I Once Knew Jack by Bill Engleson
I still count on my fingers,
my pleasures and my pains.
and though each of them lingers,
the fine points of memory wanes.
In the dark of evening’s decline,
sun dimming its luminous light,
shadows offer a sombre shrine,
as all I am slips into the night.
And there, entranced by the dark,
as silent as shadows can be,
I reflect on my lifelines arc,
the way time has had with me.
Poems come quite easily to me,
though I am a bit of a hack.
Still, I offer this assigned poesy,
that expires with, “Hit the road, Jack”.
Hit the Road, Jack by Hajar/Douryeh
I’d love to say these words again, despite lockdown
Luckily enough, I could, thanks to my traveling job
Very soon, it’s this road, we’ll go traveling down
A town southward, bus & train have a stop
There’s family in town, we just need to knock
So much love & footsteps are here, soon memories
Many photos testify of this love, kept in stock
But the future is a forward force that frees
Cherish your past, but the future is your lifehack
So you can sincerely say: Hit the road, Jack 🚘❤
Don’t You Come Back No More by Nicole Horlings
It was mid-afternoon when Jaclyn loaded the final box, and closed the back of the van.
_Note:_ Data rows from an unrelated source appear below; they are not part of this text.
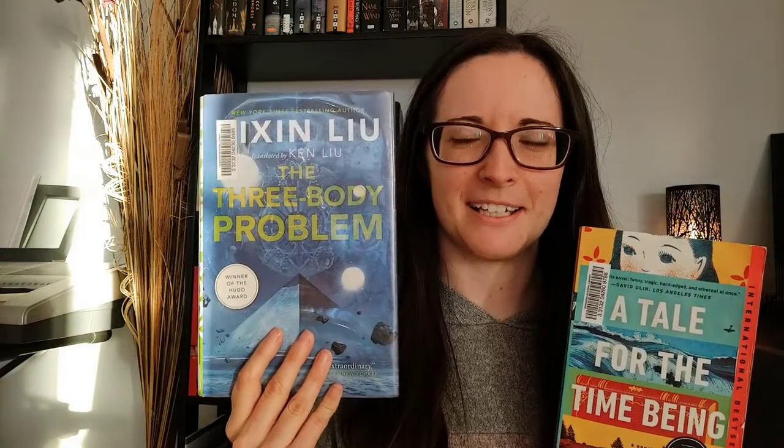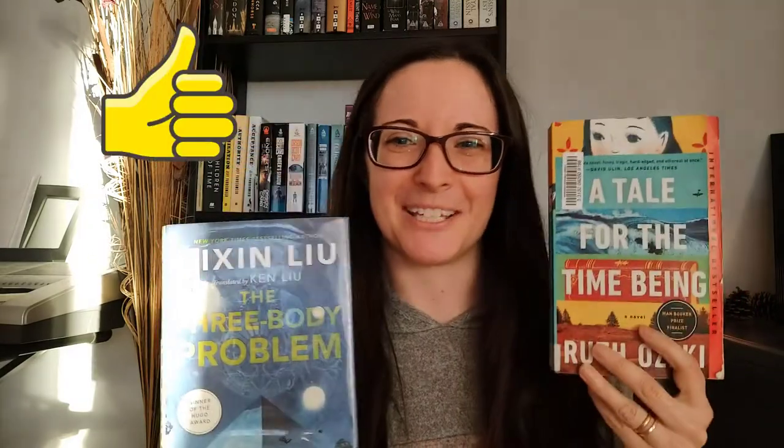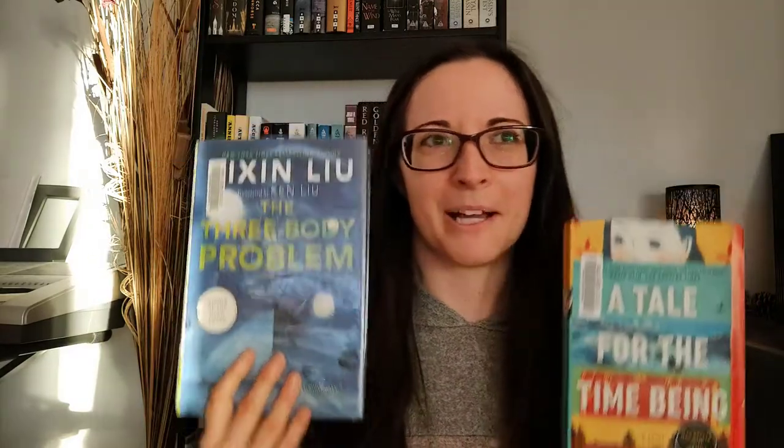I think this was number eight — whichever the first spin number was, I don't quite remember — and this was number thirteen. But I only wanted one, so I'm just going with the first number that was picked, so I'll put that one down.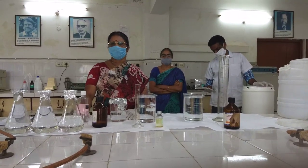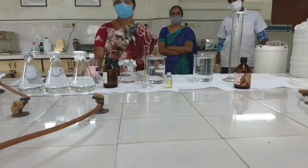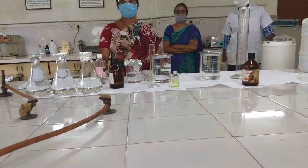A few drops of an essential oil, eucalyptus oil, are also being added to this sanitizer to give fragrance. We are now preparing 10 liters of the hand sanitizer.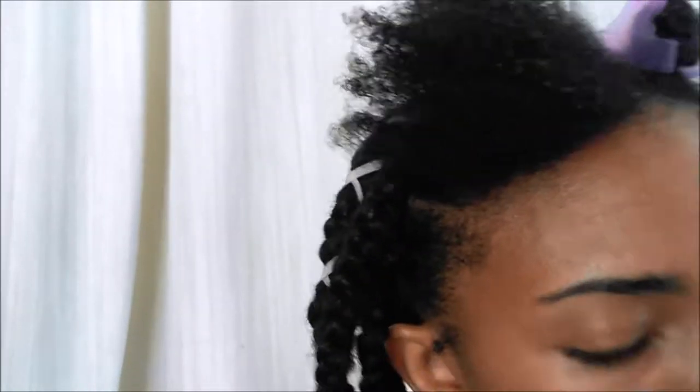First things first, I used Marley hair. You can use any pack of Marley hair that you would like. I used two packs — I can't remember the brand right now because I did this two weeks ago and I threw away the packaging. But you can use any Marley hair you want. I used two packs, and for each braid I used about five to seven strands. When I took it out of the packaging, I cut them in half and then I pulled out five to seven strands.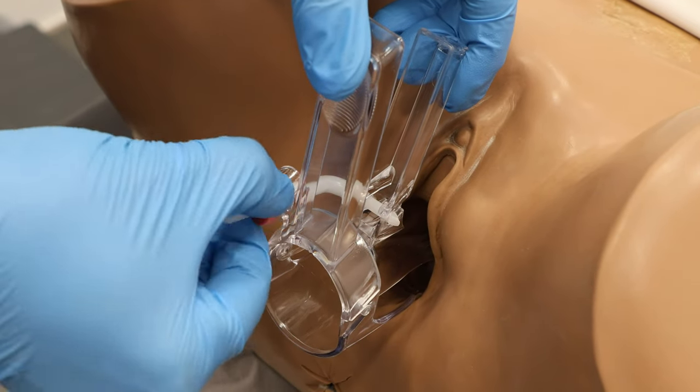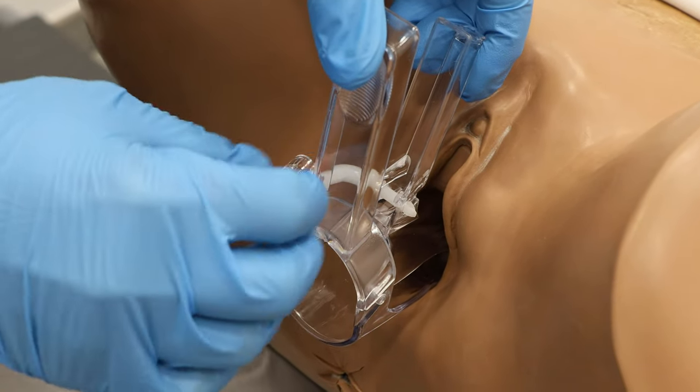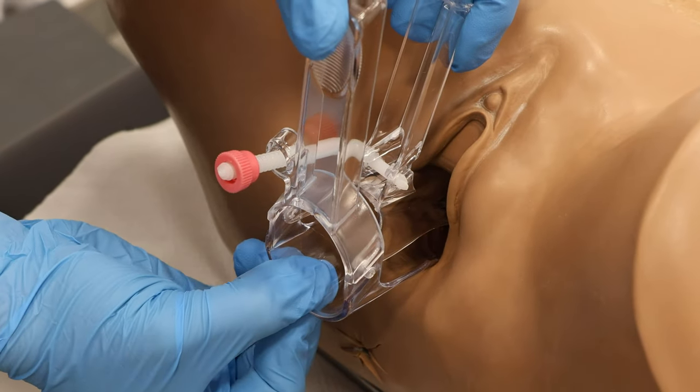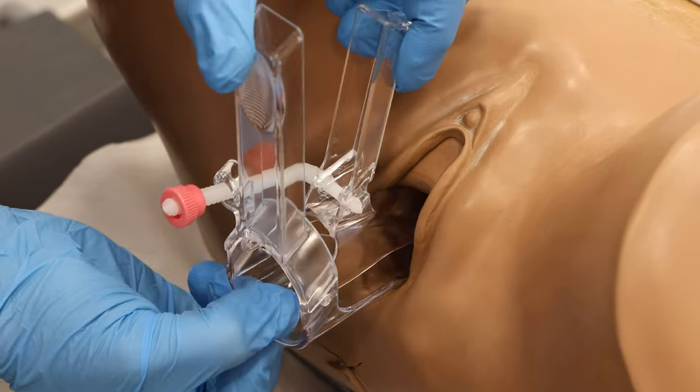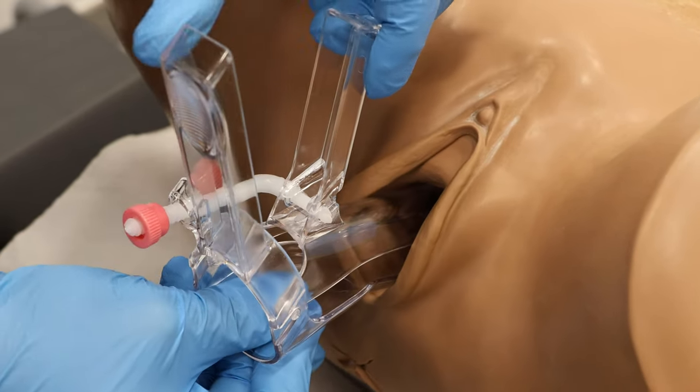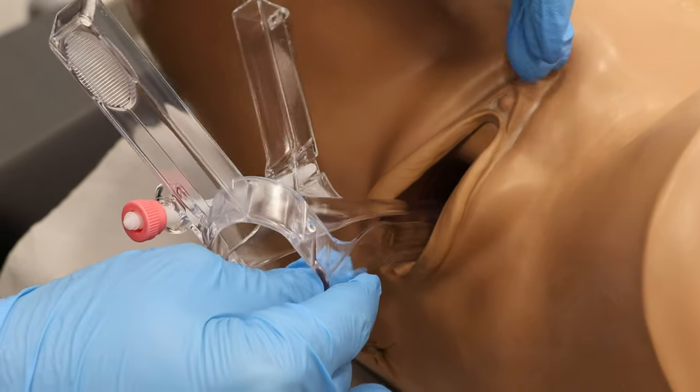Next we need to remove the speculum. First, we will retract the speculum slightly, keeping the blades open until we have passed the cervix. Then we can close the blades and draw the speculum gently in the same position, or rotate it again, and draw it out completely.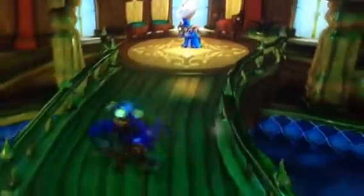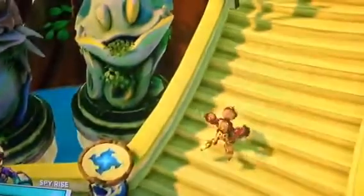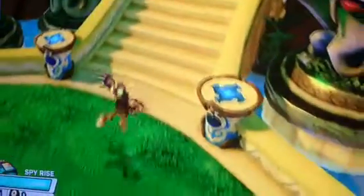Hi guys! Today we are going to do a video and we are going to play the Spyros first and play Rubber Alder. And we are going to show you what a first thing we can do with them. We are going to show you Rubber Alder.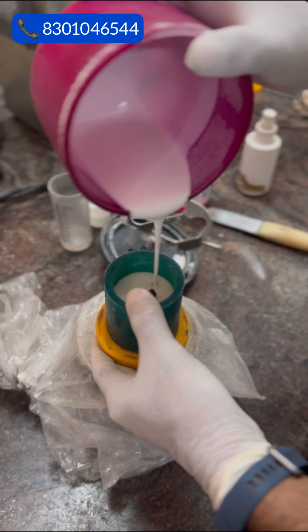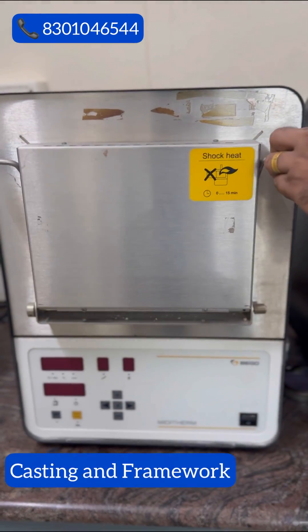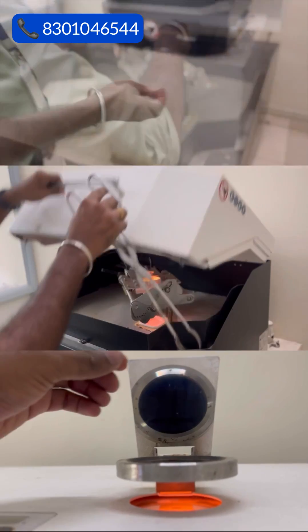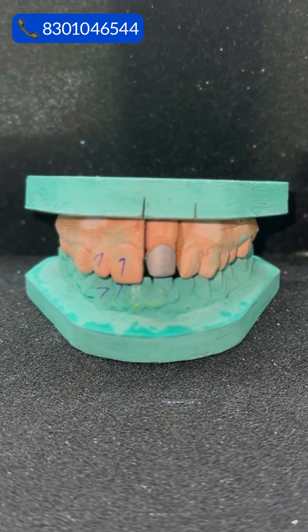Next, the wax model is encased in a ceramic material and placed in a high temperature furnace. The wax melts away, leaving behind an empty space within the ceramic mold. A metal framework is then created to provide structural support.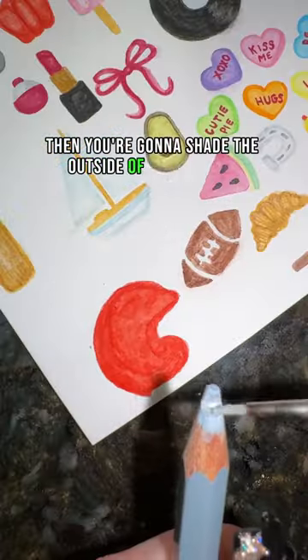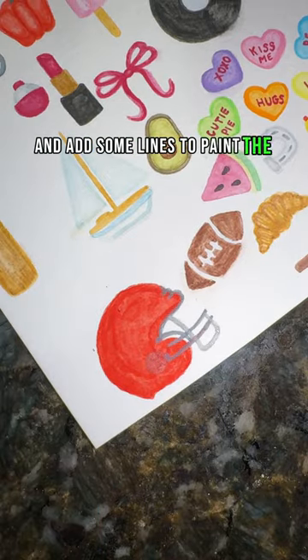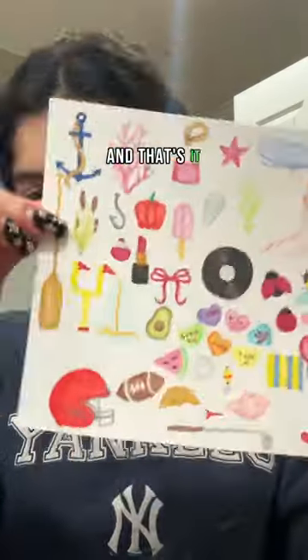Then you're going to shade the outside of your helmet. Now you're going to take a gray and add some lines to paint the wiring of your helmet, and that's it.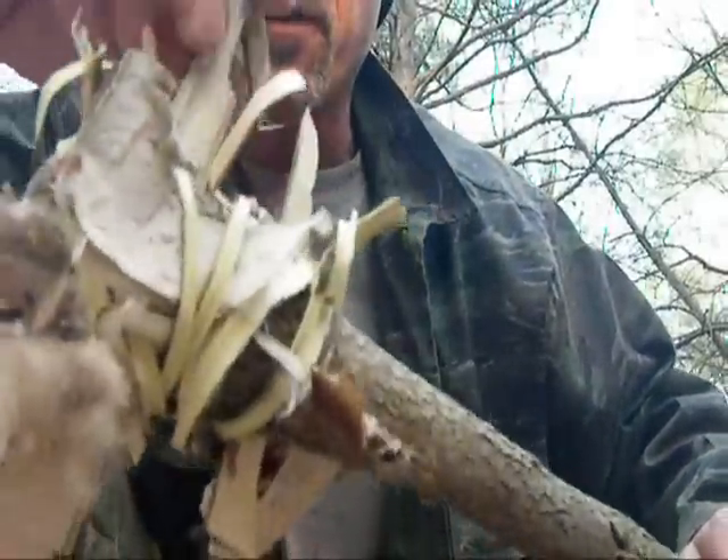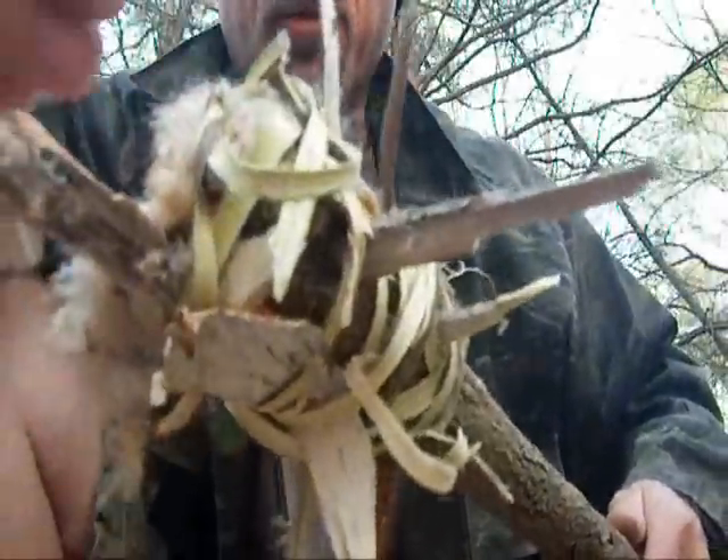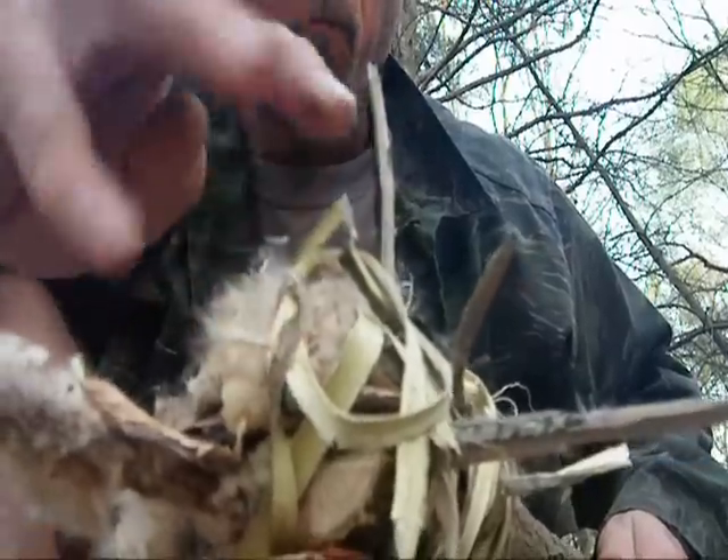It's not brass but nonetheless it is a torch. It's made from a green stick which I split, and in the splits I stuff shims along with resin, cattail fluff, birch bark, and a few other slithers of wood. So I'll give it a light and see how she does.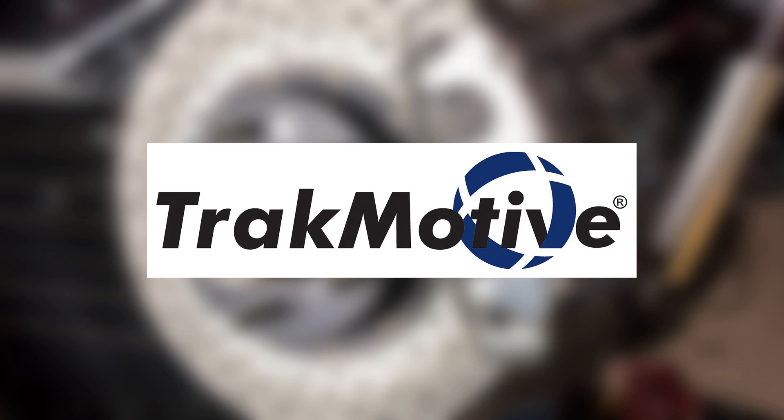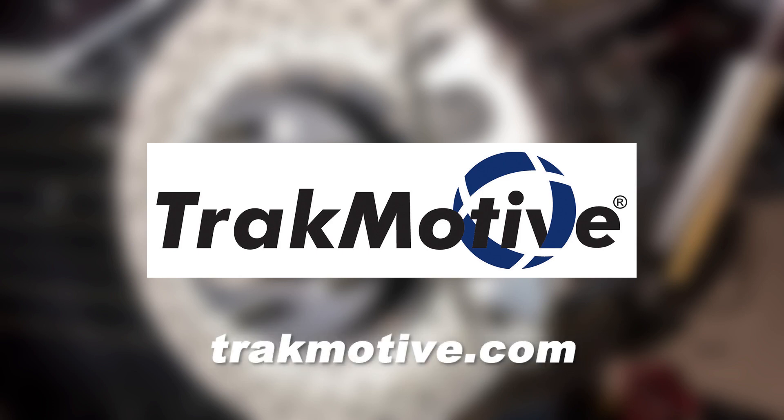This video is sponsored by TrackMotive. Three great lines, one great company. Visit TrackMotive.com for more information.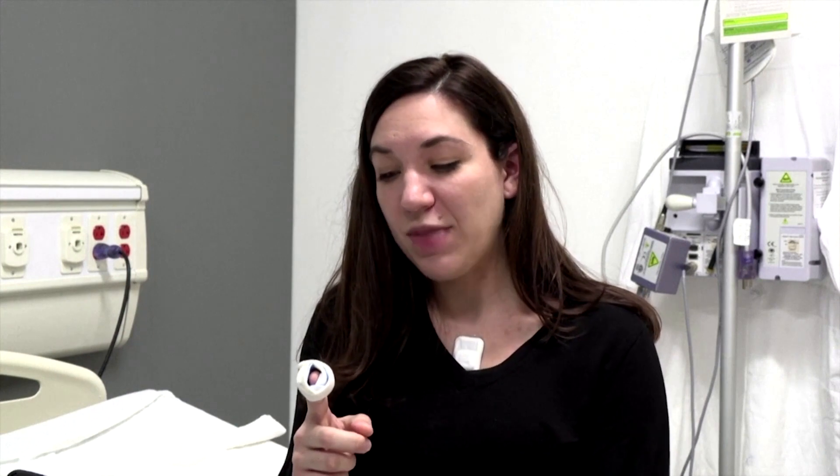The finger sensor gives your pulse oxygen levels, pulse rate, and temperature at the periphery.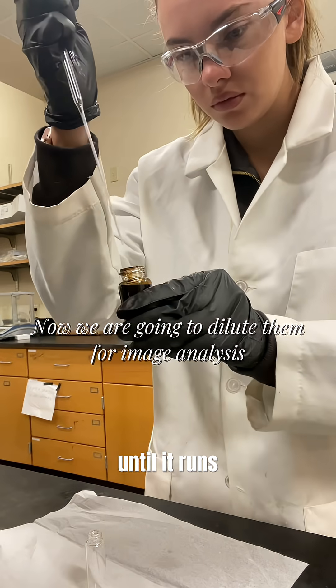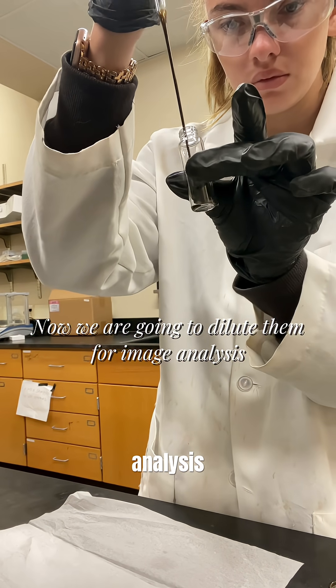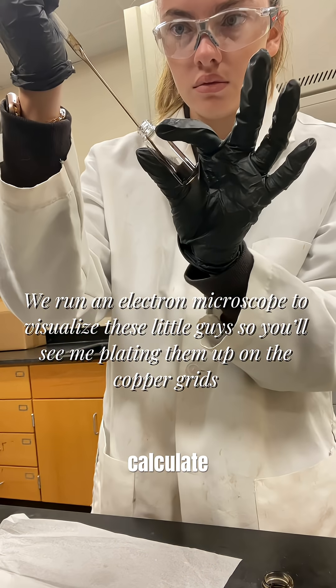We're going to keep doing that until it runs clear and then I'm going to dilute these samples for image analysis. You want the color to be like weak tea so it's not overly concentrated on the image grid. This makes it a lot easier to calculate the images later.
She went through the house one last time, checking for anything forgotten, turning off lights, and closing doors.
She swung up into the cab of the moving van, which was noticeably higher off the ground than her car. She’d be used it by the time she was half-way across the province though. She texted her husband, typed her destination into Google Maps, and turned on the van. “Hit the road, Jack,” played on the radio.
She laughed, and sang, “Don’t you come back.”
The Bully by C. E. Ayr
Jack is an aggressive moron.
We’re standing on a motorway bridge, watching commuters hurtling homewards.
Remember I always took your lunch money, he mocks, and how I made you do my homework! Best days of our lives, eh?
I’m glad I found you, he continues, you’re going to do me a favour.
He was a bully, and he hasn’t changed.
But I have.
I point down at a lane marking far below us.
Look, I say.
Then I bend, grab him round the knees, and launch him over the barrier.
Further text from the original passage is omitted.